**GOAL OF THE EXERCISE:** Reproduce the listing word for word. Skip any image.

**AVAILABLE DATA:**
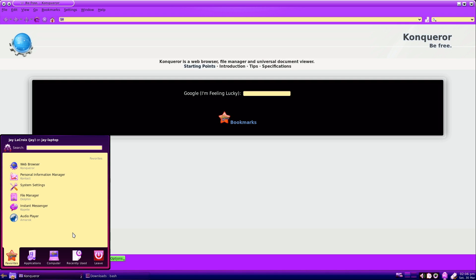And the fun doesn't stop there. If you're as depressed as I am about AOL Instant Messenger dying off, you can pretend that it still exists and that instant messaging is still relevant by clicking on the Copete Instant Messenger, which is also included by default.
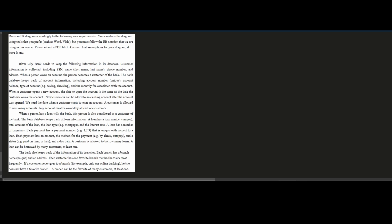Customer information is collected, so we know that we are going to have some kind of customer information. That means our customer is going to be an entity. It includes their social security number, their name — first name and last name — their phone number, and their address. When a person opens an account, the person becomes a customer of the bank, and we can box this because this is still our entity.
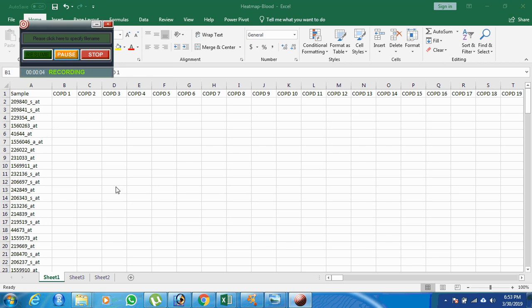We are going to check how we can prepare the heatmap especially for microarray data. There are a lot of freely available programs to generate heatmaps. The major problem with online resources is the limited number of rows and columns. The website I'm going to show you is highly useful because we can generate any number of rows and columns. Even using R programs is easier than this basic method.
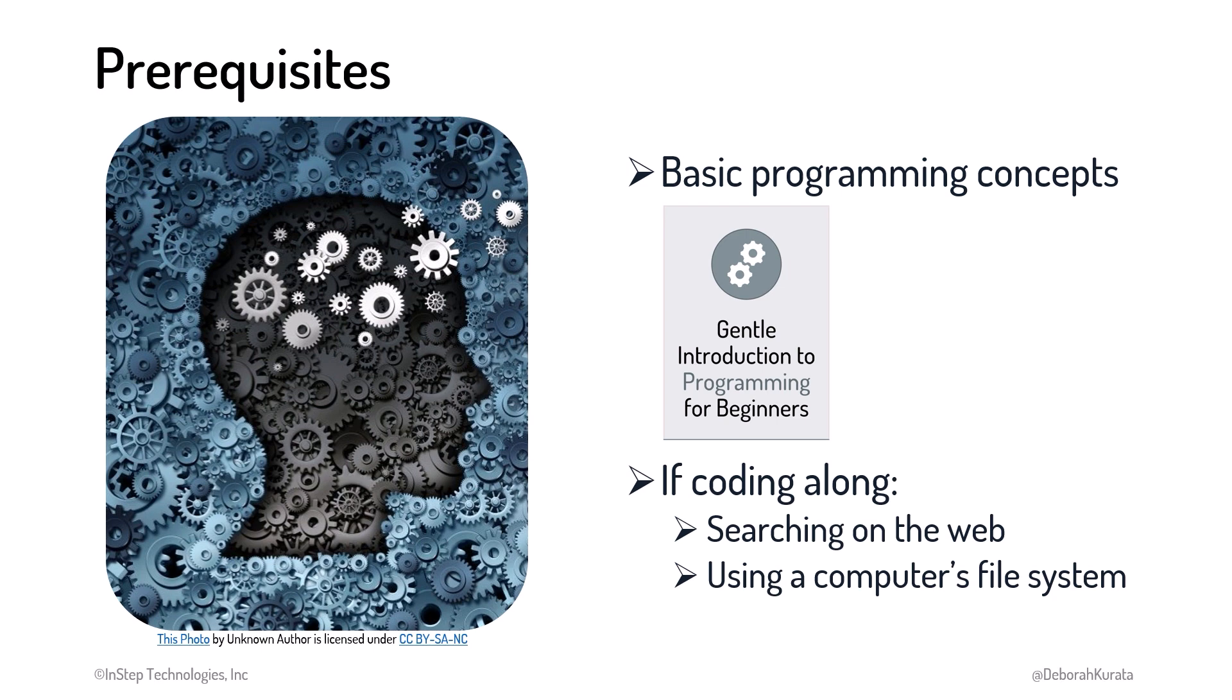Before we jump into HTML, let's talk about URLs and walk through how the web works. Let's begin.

**TASK OUTPUT:**
And the fun doesn't stop there. If you're as depressed as I am about AOL Instant Messenger dying off, you can pretend that it still exists and that instant messaging is still relevant by clicking on the Copete Instant Messenger, which is also included by default.
Customer information is collected, so we know that we are going to have some kind of customer information. That means our customer is going to be an entity. It includes their social security number, their name — first name and last name — their phone number, and their address. When a person opens an account, the person becomes a customer of the bank, and we can box this because this is still our entity.
We are going to check how we can prepare the heatmap especially for microarray data. There are a lot of freely available programs to generate heatmaps. The major problem with online resources is the limited number of rows and columns. The website I'm going to show you is highly useful because we can generate any number of rows and columns. Even using R programs is easier than this basic method.
Before we jump into HTML, let's talk about URLs and walk through how the web works. Let's begin.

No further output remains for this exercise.